Tuesday, August 30, 2011

Textbooks, Theology, and the Last Days of Summer

Mia and I hung out together on the front porch for a while this afternoon. Quiet. Warm. Peaceful. I was reading a textbook. She asked me to read it out loud. So we learned about tissue damage and healing and the possible negative systemic effects of different types of burns. And we played with play mobile.  

I can get so sidetracked on the internet reading theology blogs. This is my recent favorite. Here's a part of Tullian's recent interview with Mike Horton that pushes me to think. In my next life I want to come back as a theologian. This stuff is so cool. (Did you get it? The joke about reincarnation and being a theologian? It really was just a joke.)

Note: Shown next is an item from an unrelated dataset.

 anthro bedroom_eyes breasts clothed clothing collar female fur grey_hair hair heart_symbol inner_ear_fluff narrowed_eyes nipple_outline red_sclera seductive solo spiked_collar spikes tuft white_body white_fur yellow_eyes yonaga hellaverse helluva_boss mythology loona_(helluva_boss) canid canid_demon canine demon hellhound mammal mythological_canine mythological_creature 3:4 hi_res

Law is everything in the Scriptures that commands and gospel is everything in the Scriptures that promises God’s favor in Christ. If we confuse these, we’ll weaken the law, lowering the bar to something that we can (or think we can) actually clear, and we’ll make the gospel anything but good news.
The Triune God directs us by his law, but delivers us by his gospel. This distinction was not only crucial to Luther and Lutheranism but to Calvin and Calvinism. The gospel is never an exhortation for us to do something, but an announcement of something that God has done for us.  We are called to obey the gospel—that is, to embrace it, but the gospel itself is the good news about what God has done for us in Christ.  Beza said that “confusion of law and gospel is one of the principal sources of the corruptions in the church.”  Ursinus, primary author of the Heidelberg Catechism, said the same. So did the great Elizabethan Puritan William Perkins, as well as John Owen, Charles Spurgeon, and Charles Hodge.  On and on we could go. So when some say that that this is merely a Lutheran distinctive, it is ill-informed. It’s routine in our standard theological works and, as I said, it’s woven deeply throughout our whole Reformed system in the covenant of works-grace scheme.
It’s easy to see when law and gospel are being confused when Rome says, “Do penance and you will be saved,” or Charles Finney says, “Perfect obedience to the law is the necessary condition of present justification.”  It’s more difficult to recognize that the gentle, affirming, smiling stream of exhortations and life coaching in our day is also a form of law (not necessarily biblical) that is often presented as if it were the gospel.